I know some of you are smiling because, of course, I’ve just told you the first thing. It was Ken’s penchant for salting his conversations with examples in groups of three.

You’re talking about, say, the Balkans. You’ve made a couple of points that you think are pretty smart and then Ken would say – not pushy, but firmly: “Look. There are three things you need to know about Bosnia.”

And he would tick off the three things and they would be brief, and thoughtful, and well-reasoned. And depending on what stage of his career you had this conversation, they could also be remarkably timely, since he might well have been in Bosnia the previous week.

Many of you have heard this “three things you need to know” turn-of-phrase countless times over they years and I suppose you can think of it as simply a charming rhetorical idiosyncrasy.

But really, it was much more that that. It was a vivid illustration — and a perfectly obvious extension — of how Ken’s mind worked.

Boiling down a complex subject into its essential parts and explaining them in a way that’s easy to understand is precisely what reporters do every day. It is hardwired in a journalist’s approach to any subject.

And Ken was, throughout his adult life, no matter his employer, no matter the task at hand, always reporting, always editing, and always focusing those efforts on a worthy subject.

And doing it, as we all know, extraordinarily well.

To his final days.

* * *

In July, when Ken was undergoing daily radiation at Johns Hopkins, several friends took turns driving him to and from the hospital in Baltimore. I was the driver one day and as we talked, he was fussing about a story he’d written on health care reform from a patients’ perspective.

I said I’d like to read it, why don’t you email it to me. Instead, he pulled out his Blackberry, retrieved the story, and began to read, squinting at the tiny font as we headed north on 95.

He wrote, in the lead, that as one undergoing treatment for advanced melanoma, he had an unfortunate ringside seat on the health care debate, and he continued.

“From this patient’s perspective, meaningful health care reform must include three things.”

When the story ran soon after in the Washington Post, the three things had expanded to five. Another example, if I may say so, of editors not knowing when to leave perfectly good copy alone.

Six days before he died, the New York Times published a letter to the editor, in which Ken lambasted military commanders who failed to address mental health issues facing combat troops.

A striking example, at the very end of his life, of the formidable energy and integrity that made him a great journalist. And in the next phases of his career, such an effective spokesman for the men and women of the armed services and later, such a brilliant organizer and compassionate advocate for refugees, the world’s forgotten and dispossessed.

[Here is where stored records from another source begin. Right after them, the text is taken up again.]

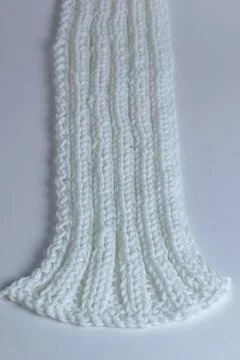 White knitted textured background with a pattern Stock Photos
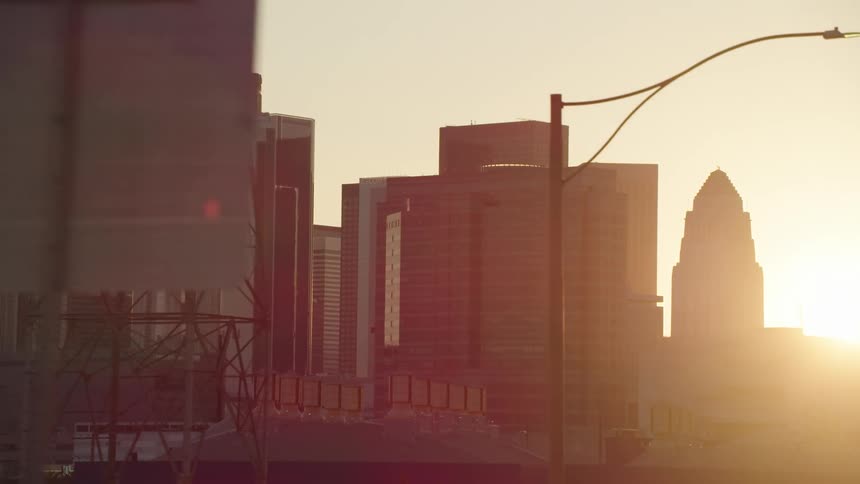 Sun sets over city skyline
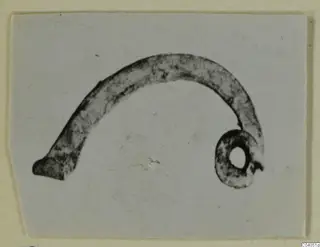 Curved bronze object with a coiled ring at one end, personal adornment from Idalion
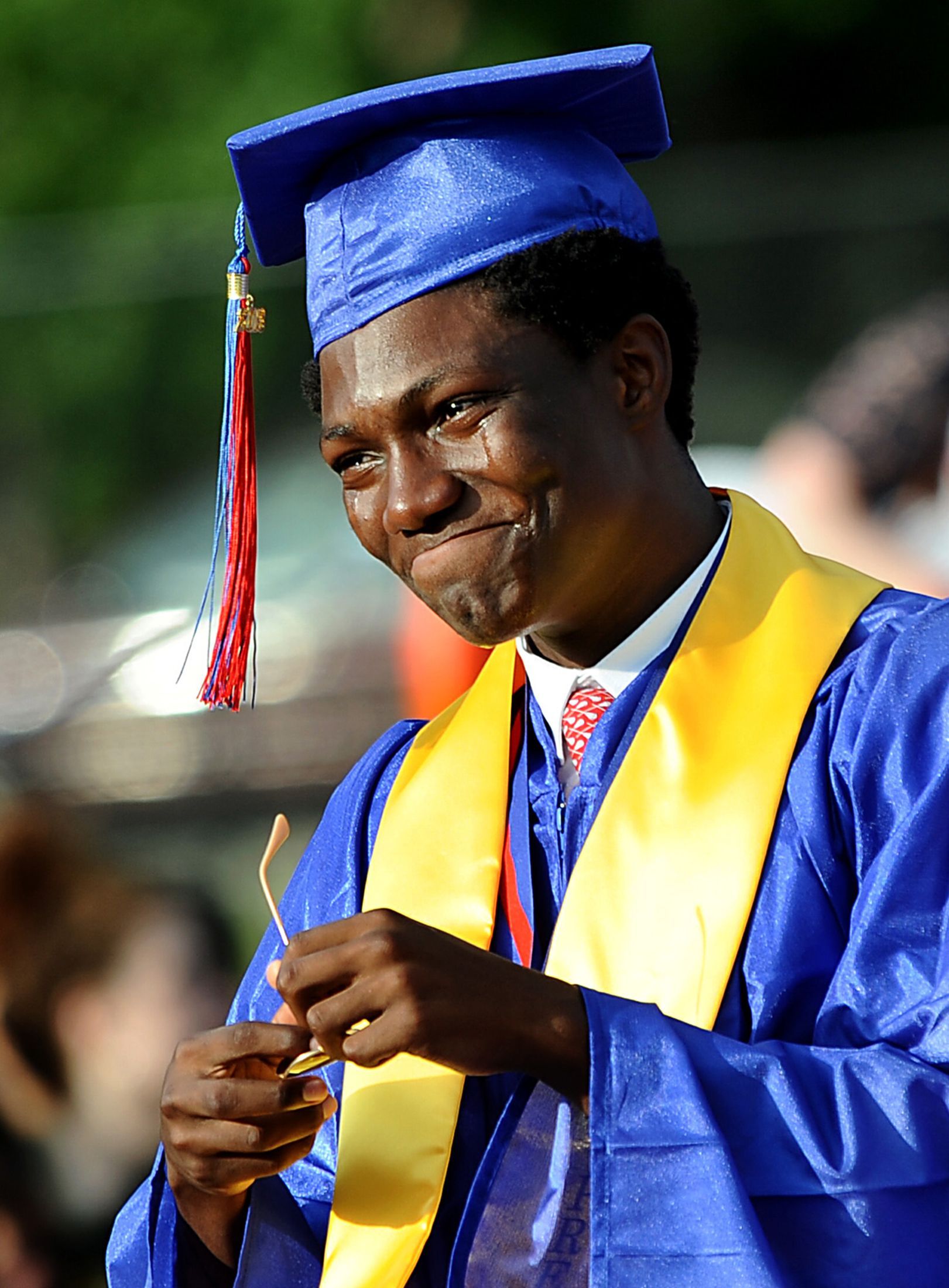 Natick High School Class of 2018 president Dishod Kirby sheds tears of pride after his commencement address Friday, June 1, 2018 at Memorial Field. Natick High was his fourth high school when he arrived as a junior.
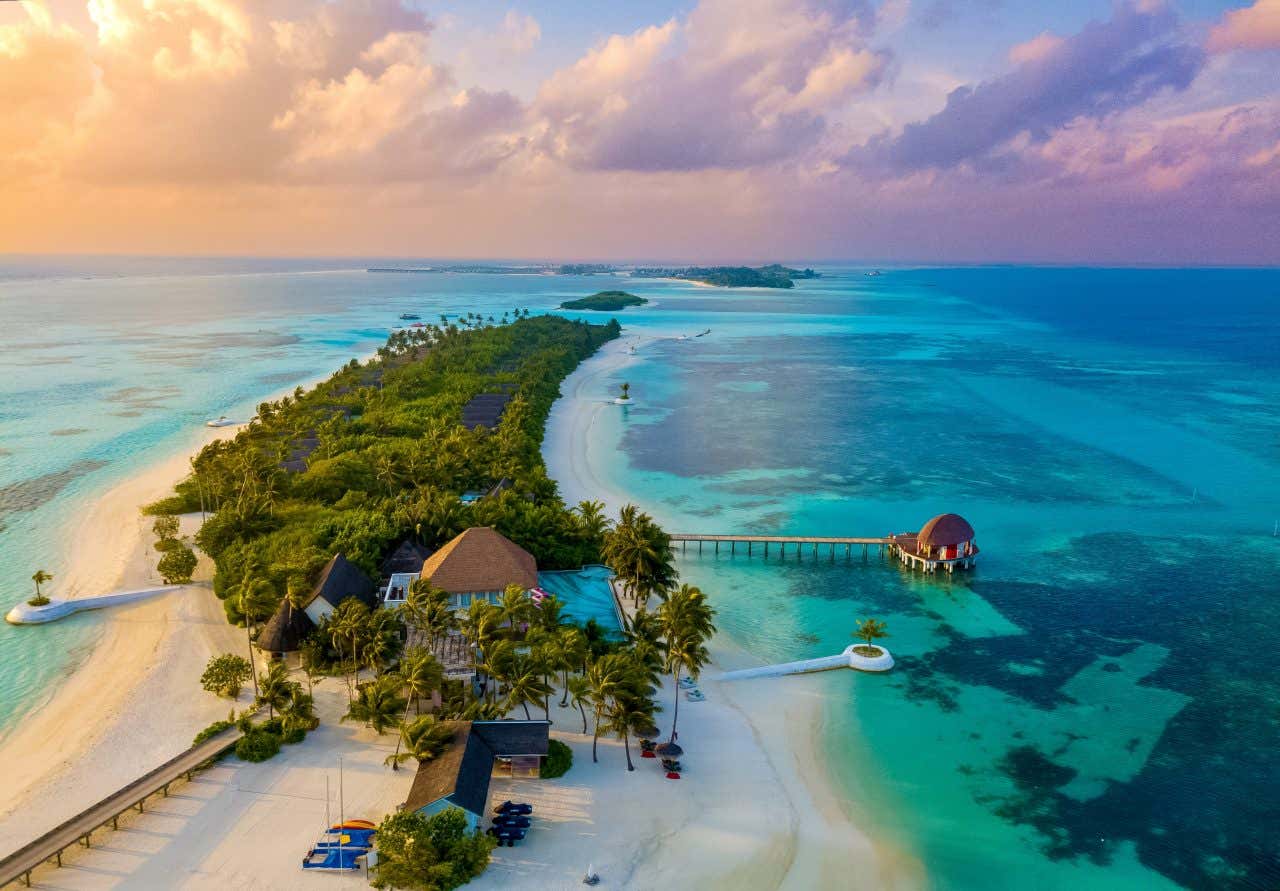 An islandin the Maldives as seen from the air, with clear blue waters on either side and a cloudy orange and pink sky in the background.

Ken covered practically everything in Washington –- at least everything the The Wall Street Journal thought was important — and he did it superbly; admired by his colleagues, and by sources and competitors as well, for his dogged reporting and the even-handed stories that resulted.

Listen to his colleagues:

Skip Martin: “He was a true team player…one of the very few Journal correspondents who always filed a few lines for the Dow Jones newswire whenever developments called for that, without being asked to do it. He was a person of carefully considered and very sound judgment – a great person to have around in broken-field situations.”

John Connor recalls a time when Ken was covering the Federal Reserve and Fed Chairman Paul Volcker was giving some pivotal testimony on the Hill.

Says John: “The Post had Volcker clearly signaling a tightening in the money supply. The Times had Volcker unequivocally signaling an easing. Ken hit a home run for the Journal by simply reporting what Volcker said.”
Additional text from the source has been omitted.